Published in Snap Victoria Magazine March 2009
As economic events continue to unfold, we are once again reminded of the Streets’ (Wall and Bay) contempt for free markets despite continued rhetorical flourishes to the contrary.
Throughout this economic slowdown, the State has been ‘forced’ – we are led to believe – to step in and bail out massive conglomerates, financial institutions and insurers; organizations that, during the most recent economic boom, expected little State regulation, less State involvement and no State taxation.
Reviewing the historical record on the interaction between the State and the Street reveals that the role for the State is to create an environment wherein profits are privatized and risk is socialized. This relationship has precipitated a situation where the gap between capital and labour has reached levels last seen during the Great Depression.

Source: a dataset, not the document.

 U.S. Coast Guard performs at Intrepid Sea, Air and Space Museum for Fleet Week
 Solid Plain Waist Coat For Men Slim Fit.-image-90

Free markets, we are told, are also about reducing the size of the State. The historical record, however, reveals that it is not so much about shrinking the State, as it is about shifting the purpose of the State. Thus, from the 1970s onwards, there has been a concrete shift by the State away from social spending on items like health care, education and social security – items that benefit the vast majority – and towards corporate hand-outs on items like military hardware acquisitions, tax breaks for the highest income earners and massive bailouts for large conglomerates and their shareholders.
The same policies are vigorously pursued at the international level. As Ha-Joon Chang carefully notes in his most recent book, Bad Samaritans, the developed world consistently pressures developing nations to adopt ‘free trade’ policies that have little to do with free trade and everything to do with maintaining the historically exploitative relationship between ‘us’ and ‘them’; incidentally, such developed countries preach free trade while simultaneously providing generous subsidies for their own conglomerates. What Chang’s research reveals is that the developed world has attained its position at the peak not as a result of free trade, but by drawing on a portfolio of trade restrictive measures; and once at the top, kicks away the ladder by which other, developing countries may join them.
What the record reveals is that economic policies and social platforms have a crucial impact upon our standard of living. As we exit this federal prorogation and approach a provincial election, it may be important for each of us to consider which party has a platform that will best suit the interests of the vast majority, taking into account what the rhetorical flourish for free trade really means.